(The data Opens)

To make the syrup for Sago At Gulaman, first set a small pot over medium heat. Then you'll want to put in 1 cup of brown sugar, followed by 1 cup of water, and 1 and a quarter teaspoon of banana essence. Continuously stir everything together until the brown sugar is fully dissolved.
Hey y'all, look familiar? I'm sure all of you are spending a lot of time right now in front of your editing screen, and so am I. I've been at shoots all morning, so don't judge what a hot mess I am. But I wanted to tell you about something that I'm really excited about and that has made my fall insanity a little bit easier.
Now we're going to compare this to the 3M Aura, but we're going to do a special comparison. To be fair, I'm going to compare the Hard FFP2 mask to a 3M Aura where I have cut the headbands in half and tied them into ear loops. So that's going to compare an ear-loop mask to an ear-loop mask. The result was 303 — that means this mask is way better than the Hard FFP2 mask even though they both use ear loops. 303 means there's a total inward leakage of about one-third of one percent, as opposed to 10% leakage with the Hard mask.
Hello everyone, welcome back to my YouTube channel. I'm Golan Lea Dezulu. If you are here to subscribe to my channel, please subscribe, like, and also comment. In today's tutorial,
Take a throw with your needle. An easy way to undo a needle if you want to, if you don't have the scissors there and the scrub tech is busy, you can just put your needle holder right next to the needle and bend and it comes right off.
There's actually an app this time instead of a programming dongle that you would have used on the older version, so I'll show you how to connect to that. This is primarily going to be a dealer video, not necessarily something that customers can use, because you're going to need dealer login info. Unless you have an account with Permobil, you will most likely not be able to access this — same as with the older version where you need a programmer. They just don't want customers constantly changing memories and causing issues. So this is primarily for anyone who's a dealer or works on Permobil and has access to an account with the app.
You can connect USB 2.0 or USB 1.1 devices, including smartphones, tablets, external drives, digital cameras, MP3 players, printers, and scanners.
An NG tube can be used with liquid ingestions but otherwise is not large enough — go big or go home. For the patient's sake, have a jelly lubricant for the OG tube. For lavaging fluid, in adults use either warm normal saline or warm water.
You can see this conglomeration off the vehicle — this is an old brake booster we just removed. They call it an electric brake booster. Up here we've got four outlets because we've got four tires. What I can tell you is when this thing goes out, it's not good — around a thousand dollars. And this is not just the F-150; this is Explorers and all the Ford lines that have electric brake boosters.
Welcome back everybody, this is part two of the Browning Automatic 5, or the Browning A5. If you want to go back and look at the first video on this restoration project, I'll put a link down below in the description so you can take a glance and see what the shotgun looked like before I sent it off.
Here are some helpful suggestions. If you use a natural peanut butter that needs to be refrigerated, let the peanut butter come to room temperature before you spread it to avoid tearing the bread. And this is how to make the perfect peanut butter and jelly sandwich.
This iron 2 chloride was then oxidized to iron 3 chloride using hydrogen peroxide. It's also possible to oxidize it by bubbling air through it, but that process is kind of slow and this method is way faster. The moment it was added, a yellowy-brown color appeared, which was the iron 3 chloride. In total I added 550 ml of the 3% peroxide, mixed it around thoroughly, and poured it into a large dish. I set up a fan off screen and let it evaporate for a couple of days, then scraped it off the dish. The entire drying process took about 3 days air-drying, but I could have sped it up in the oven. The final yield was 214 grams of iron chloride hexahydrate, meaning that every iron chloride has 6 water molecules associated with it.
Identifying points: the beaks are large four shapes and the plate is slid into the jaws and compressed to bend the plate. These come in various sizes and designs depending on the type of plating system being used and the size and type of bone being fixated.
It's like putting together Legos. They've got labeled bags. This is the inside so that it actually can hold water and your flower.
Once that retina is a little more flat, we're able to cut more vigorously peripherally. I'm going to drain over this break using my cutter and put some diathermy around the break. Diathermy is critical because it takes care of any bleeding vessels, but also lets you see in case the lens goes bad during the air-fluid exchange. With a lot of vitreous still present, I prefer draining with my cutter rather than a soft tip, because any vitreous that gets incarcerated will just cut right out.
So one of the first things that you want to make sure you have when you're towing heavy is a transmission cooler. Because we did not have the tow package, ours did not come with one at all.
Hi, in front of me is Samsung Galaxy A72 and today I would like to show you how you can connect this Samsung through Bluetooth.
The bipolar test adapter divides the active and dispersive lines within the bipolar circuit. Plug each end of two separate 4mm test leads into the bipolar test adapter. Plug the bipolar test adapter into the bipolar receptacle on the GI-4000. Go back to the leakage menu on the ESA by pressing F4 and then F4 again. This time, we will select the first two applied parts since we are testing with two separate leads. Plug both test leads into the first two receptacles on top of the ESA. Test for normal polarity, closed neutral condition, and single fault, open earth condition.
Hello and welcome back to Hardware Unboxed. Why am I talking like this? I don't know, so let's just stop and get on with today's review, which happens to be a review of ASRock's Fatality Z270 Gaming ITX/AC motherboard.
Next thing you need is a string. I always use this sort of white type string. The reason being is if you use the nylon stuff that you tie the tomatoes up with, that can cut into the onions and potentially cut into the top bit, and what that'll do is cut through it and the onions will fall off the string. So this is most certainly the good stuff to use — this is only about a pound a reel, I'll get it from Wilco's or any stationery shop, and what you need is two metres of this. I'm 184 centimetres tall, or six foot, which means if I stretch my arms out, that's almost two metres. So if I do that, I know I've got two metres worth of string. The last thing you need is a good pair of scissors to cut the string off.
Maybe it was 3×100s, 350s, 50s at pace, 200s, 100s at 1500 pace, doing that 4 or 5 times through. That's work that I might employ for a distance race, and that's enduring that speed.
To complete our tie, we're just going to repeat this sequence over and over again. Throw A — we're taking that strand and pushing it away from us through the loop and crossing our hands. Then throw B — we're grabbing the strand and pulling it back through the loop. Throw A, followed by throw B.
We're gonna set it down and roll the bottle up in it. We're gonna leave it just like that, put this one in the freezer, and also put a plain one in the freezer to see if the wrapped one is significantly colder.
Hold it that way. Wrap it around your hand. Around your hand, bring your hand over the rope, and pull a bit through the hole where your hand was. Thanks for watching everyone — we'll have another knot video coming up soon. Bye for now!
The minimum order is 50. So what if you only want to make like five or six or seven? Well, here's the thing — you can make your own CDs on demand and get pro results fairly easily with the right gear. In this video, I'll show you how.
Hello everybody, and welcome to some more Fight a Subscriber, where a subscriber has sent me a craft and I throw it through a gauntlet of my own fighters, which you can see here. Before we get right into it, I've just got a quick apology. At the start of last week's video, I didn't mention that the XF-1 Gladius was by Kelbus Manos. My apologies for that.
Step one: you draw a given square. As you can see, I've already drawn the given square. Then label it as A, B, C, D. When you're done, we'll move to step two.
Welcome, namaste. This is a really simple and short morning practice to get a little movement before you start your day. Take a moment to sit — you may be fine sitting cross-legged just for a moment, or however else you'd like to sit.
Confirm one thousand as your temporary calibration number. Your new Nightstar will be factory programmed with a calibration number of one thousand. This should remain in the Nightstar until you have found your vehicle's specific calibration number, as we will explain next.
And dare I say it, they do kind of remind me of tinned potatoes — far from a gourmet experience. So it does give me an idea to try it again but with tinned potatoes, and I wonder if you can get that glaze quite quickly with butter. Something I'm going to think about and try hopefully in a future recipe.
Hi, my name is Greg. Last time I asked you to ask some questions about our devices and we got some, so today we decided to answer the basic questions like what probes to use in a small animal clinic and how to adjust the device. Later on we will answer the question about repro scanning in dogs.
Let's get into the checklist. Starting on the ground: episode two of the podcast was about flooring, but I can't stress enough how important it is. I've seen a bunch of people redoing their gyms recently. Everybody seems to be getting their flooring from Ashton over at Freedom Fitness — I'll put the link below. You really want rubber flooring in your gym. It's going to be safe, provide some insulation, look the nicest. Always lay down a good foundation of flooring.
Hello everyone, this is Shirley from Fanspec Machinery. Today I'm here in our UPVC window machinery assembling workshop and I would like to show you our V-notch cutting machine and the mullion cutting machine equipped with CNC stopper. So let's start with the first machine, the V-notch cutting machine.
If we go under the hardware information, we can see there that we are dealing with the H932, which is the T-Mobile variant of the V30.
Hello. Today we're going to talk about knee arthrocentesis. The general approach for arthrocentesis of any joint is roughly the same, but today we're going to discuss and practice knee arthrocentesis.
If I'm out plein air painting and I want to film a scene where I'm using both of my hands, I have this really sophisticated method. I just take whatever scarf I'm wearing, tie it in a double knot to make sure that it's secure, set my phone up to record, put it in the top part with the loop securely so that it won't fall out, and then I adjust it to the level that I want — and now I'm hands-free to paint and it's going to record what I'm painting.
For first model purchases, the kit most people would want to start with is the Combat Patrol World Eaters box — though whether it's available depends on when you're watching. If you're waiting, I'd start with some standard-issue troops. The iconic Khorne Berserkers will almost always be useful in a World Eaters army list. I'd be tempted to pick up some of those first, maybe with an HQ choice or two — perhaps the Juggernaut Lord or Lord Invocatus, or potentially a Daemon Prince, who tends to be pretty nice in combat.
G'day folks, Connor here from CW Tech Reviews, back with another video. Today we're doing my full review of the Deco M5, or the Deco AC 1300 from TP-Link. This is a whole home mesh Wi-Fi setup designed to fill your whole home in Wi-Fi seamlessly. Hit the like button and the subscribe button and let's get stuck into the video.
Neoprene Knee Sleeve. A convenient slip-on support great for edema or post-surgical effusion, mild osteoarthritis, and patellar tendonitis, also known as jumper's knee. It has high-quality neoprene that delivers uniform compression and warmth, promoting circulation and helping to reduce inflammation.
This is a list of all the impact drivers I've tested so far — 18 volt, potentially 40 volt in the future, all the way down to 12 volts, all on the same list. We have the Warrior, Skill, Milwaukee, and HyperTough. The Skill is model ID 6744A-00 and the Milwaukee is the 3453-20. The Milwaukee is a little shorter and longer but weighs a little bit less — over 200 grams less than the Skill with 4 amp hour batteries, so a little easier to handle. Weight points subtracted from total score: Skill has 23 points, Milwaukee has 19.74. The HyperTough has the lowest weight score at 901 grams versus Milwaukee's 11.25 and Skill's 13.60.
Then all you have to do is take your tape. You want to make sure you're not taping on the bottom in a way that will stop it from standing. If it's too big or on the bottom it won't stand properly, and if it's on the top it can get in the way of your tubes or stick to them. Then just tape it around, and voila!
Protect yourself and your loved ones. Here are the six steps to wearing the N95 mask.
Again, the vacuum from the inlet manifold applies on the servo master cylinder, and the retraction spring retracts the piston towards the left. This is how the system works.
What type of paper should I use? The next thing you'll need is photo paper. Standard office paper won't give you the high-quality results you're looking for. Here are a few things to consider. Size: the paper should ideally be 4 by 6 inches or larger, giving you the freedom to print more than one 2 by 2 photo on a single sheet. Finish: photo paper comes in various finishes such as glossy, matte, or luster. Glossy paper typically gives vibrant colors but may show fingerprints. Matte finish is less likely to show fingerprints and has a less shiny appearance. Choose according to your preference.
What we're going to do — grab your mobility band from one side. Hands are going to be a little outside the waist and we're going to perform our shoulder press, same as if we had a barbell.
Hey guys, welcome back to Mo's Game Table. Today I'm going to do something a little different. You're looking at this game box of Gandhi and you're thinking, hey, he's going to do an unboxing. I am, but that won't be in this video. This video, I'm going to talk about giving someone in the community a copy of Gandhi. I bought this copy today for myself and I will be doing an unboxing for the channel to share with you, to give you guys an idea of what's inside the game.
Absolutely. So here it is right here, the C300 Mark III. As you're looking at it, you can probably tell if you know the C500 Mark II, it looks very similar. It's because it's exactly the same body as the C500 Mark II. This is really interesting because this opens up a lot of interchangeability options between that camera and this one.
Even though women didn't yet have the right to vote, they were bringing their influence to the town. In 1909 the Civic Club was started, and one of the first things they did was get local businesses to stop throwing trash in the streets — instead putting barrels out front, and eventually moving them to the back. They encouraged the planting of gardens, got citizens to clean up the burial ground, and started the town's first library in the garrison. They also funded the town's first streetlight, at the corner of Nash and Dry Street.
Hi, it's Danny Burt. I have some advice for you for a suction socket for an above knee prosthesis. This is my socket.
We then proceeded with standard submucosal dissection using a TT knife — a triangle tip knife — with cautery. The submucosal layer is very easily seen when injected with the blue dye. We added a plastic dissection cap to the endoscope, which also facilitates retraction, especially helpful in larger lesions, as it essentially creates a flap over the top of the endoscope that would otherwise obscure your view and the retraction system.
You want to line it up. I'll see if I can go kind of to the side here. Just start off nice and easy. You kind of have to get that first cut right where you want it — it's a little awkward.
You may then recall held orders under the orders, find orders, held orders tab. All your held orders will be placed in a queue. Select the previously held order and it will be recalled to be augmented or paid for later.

(The data Closes)

Transcribe the lines above between the line holding "Step one: you" and the line holding "Confirm one thousand", inclusive, exactly as they stand and with nothing added.

Step one: you draw a given square. As you can see, I've already drawn the given square. Then label it as A, B, C, D. When you're done, we'll move to step two.
Welcome, namaste. This is a really simple and short morning practice to get a little movement before you start your day. Take a moment to sit — you may be fine sitting cross-legged just for a moment, or however else you'd like to sit.
Confirm one thousand as your temporary calibration number. Your new Nightstar will be factory programmed with a calibration number of one thousand. This should remain in the Nightstar until you have found your vehicle's specific calibration number, as we will explain next.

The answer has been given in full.